§ **TASK OBJECTIVE**: Where the data below has the string "Balkon", return the whole line.

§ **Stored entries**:
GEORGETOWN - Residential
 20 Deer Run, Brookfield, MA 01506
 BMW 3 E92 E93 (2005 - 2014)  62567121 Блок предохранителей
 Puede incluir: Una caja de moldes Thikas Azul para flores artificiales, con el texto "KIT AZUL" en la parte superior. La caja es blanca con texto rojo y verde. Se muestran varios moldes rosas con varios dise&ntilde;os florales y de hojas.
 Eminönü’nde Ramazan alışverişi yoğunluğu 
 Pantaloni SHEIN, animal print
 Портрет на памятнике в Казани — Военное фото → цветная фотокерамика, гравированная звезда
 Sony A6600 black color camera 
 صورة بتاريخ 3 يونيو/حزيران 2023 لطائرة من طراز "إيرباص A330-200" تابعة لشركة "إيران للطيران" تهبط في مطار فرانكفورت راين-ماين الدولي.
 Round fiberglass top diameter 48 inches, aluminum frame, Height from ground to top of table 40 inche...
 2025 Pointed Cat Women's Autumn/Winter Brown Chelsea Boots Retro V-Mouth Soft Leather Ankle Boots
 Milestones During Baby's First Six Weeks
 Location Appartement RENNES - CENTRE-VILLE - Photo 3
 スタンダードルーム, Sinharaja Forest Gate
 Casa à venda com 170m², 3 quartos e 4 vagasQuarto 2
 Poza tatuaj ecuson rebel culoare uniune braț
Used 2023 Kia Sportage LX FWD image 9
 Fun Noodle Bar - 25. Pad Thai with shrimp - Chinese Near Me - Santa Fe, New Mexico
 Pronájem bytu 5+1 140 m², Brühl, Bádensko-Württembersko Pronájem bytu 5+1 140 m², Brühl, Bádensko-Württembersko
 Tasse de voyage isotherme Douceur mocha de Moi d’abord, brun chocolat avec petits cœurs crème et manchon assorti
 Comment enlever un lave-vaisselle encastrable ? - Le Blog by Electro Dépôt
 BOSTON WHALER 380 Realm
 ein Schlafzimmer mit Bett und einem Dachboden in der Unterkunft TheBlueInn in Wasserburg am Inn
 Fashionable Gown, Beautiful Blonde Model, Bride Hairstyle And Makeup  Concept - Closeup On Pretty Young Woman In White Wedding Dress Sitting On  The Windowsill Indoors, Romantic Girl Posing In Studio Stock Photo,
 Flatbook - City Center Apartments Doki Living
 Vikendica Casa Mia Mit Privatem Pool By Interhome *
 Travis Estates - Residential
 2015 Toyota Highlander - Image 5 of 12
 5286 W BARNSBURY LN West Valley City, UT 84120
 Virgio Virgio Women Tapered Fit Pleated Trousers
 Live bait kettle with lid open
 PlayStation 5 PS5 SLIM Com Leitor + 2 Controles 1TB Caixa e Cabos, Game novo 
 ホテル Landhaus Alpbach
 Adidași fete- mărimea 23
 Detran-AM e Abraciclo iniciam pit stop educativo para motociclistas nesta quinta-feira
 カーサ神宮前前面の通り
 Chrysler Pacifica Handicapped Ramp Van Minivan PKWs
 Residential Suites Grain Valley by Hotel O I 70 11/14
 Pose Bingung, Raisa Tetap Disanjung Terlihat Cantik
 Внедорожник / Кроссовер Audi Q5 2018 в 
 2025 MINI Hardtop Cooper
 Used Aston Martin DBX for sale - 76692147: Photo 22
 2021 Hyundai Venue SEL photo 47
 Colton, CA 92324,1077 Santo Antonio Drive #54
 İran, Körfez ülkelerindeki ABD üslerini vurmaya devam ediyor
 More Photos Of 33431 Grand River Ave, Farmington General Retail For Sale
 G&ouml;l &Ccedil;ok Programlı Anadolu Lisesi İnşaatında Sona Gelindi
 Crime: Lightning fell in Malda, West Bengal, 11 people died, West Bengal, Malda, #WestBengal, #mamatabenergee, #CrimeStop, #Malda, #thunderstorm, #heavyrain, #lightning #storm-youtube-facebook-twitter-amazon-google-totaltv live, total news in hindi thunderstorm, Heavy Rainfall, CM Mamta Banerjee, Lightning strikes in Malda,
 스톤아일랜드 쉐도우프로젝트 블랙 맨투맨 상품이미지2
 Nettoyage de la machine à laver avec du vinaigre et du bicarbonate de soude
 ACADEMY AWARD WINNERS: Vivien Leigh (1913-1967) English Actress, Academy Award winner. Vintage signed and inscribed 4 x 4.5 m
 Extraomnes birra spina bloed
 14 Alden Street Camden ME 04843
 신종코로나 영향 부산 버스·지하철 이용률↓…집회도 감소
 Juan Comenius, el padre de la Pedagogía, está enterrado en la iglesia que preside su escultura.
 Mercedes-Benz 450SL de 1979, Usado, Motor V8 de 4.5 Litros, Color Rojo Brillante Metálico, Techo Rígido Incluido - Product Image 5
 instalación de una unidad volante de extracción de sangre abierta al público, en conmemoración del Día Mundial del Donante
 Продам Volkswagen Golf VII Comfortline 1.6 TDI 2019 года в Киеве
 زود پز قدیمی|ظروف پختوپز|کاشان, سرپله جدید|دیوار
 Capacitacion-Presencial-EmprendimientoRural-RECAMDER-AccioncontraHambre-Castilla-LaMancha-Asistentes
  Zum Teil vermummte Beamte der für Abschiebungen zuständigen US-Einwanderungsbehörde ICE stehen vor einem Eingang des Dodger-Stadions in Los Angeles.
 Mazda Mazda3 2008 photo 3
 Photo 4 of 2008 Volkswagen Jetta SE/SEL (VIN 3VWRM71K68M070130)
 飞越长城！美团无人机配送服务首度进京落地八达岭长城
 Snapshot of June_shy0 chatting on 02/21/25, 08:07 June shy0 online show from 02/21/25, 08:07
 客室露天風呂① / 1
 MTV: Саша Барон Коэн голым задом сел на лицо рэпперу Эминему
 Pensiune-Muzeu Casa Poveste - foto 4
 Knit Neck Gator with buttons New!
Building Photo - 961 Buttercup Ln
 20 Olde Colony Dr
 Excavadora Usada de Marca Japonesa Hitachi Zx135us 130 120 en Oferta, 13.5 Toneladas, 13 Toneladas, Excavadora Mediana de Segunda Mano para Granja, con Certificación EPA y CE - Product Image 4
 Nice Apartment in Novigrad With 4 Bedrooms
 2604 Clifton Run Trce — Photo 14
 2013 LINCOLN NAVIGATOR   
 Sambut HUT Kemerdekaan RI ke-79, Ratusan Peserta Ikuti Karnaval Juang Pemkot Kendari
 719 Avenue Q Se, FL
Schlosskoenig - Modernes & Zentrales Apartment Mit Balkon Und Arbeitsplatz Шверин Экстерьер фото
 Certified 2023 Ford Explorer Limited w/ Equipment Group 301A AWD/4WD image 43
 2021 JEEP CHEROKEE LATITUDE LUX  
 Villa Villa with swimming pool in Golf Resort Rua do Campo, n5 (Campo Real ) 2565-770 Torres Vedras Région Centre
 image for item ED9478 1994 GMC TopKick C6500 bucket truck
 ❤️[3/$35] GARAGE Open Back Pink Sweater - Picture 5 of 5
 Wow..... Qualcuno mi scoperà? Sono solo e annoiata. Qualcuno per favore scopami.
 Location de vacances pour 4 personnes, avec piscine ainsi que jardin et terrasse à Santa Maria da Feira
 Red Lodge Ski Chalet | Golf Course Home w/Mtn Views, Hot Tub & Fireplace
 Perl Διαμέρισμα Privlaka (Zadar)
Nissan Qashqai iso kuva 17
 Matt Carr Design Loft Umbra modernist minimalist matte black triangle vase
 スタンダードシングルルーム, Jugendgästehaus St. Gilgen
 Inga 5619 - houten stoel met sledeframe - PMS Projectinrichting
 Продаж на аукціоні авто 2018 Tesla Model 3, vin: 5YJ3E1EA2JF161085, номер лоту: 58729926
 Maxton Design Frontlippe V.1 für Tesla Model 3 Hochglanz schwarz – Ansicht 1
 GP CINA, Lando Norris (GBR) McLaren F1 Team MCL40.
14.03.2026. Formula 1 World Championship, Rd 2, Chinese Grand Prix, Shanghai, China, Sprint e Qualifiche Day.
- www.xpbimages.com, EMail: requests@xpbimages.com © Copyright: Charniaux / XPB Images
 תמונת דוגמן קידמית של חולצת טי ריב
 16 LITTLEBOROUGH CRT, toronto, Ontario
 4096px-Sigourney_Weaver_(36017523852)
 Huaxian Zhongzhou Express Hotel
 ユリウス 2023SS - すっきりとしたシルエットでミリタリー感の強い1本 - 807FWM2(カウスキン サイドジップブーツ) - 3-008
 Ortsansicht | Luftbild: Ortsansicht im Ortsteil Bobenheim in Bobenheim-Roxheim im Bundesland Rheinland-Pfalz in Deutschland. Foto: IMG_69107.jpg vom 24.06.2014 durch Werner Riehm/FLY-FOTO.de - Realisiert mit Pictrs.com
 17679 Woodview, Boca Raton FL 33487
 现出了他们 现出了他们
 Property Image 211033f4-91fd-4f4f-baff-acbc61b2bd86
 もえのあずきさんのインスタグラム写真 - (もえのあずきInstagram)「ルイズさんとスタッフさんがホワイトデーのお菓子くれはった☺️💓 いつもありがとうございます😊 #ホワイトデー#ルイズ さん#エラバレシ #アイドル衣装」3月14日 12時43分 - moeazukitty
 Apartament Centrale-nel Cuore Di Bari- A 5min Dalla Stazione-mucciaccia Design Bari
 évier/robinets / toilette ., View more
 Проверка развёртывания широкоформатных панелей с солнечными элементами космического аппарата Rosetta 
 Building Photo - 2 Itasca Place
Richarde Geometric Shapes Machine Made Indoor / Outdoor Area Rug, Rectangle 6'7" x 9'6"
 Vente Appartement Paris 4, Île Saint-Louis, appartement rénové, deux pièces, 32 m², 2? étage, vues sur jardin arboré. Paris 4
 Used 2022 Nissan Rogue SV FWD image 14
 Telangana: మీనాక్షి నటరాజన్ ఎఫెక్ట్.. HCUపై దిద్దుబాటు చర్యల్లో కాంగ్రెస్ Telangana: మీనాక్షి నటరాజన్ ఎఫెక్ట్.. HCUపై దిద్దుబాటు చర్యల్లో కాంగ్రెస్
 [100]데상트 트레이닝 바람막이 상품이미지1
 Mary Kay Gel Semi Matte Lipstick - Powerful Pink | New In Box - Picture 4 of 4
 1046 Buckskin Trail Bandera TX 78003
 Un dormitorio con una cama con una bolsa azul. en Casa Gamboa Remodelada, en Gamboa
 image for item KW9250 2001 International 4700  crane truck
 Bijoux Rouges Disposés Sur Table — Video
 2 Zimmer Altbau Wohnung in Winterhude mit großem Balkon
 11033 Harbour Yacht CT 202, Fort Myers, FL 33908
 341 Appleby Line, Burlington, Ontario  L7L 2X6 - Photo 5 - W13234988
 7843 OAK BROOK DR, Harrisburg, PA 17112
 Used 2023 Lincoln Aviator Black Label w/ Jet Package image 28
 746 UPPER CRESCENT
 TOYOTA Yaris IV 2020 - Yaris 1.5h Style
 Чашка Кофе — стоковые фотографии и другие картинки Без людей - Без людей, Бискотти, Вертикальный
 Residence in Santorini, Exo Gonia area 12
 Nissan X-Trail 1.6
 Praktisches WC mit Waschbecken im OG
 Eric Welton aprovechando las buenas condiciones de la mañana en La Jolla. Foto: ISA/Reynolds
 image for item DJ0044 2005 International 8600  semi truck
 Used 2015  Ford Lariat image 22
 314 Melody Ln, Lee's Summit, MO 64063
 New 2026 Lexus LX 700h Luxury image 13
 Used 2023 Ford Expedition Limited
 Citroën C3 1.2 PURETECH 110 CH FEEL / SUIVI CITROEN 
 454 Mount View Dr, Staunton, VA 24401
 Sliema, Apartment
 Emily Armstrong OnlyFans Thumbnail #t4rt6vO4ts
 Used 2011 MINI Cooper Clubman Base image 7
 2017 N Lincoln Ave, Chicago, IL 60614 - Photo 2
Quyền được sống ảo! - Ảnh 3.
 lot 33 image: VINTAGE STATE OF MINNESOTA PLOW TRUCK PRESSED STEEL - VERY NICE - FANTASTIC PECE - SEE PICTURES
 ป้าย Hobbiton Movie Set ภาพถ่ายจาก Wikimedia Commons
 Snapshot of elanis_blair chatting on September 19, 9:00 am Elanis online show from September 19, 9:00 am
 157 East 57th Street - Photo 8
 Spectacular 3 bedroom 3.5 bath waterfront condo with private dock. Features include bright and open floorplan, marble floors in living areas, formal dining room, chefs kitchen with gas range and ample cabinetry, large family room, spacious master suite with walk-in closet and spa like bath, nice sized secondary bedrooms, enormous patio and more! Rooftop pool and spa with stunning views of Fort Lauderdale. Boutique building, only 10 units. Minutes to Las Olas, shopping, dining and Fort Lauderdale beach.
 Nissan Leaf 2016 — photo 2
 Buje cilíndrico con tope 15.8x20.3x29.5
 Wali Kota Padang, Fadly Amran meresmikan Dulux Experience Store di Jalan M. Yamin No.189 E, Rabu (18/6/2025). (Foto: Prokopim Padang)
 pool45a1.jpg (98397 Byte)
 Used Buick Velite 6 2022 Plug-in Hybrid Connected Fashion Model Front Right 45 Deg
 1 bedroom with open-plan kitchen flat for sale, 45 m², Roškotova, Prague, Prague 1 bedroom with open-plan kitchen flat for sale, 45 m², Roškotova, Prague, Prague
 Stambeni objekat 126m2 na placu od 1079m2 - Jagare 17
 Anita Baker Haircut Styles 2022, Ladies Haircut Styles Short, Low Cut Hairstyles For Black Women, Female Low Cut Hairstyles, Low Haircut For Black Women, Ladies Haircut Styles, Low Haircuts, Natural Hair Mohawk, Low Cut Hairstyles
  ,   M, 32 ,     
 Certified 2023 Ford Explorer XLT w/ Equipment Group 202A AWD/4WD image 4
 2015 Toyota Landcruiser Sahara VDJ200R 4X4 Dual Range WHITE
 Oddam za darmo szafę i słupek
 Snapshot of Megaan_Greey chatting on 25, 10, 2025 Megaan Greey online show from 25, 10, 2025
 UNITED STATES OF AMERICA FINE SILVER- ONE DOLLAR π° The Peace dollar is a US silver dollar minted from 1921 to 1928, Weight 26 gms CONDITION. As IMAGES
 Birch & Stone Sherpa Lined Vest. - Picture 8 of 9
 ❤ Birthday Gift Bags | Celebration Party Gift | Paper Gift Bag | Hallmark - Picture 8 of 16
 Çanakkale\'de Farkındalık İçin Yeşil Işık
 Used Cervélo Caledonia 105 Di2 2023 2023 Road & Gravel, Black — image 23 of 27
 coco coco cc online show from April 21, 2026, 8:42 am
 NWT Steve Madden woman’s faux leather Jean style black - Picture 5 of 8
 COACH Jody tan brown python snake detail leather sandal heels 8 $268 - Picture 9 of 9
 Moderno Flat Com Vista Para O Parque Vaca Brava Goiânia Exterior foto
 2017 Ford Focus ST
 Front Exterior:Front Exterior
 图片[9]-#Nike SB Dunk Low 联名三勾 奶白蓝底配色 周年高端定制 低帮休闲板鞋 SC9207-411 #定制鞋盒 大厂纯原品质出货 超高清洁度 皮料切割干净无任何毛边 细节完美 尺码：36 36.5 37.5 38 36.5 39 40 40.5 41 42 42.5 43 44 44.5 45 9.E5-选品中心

§ **SOLUTION TO THE EXERCISE**:
Schlosskoenig - Modernes & Zentrales Apartment Mit Balkon Und Arbeitsplatz Шверин Экстерьер фото
 2 Zimmer Altbau Wohnung in Winterhude mit großem Balkon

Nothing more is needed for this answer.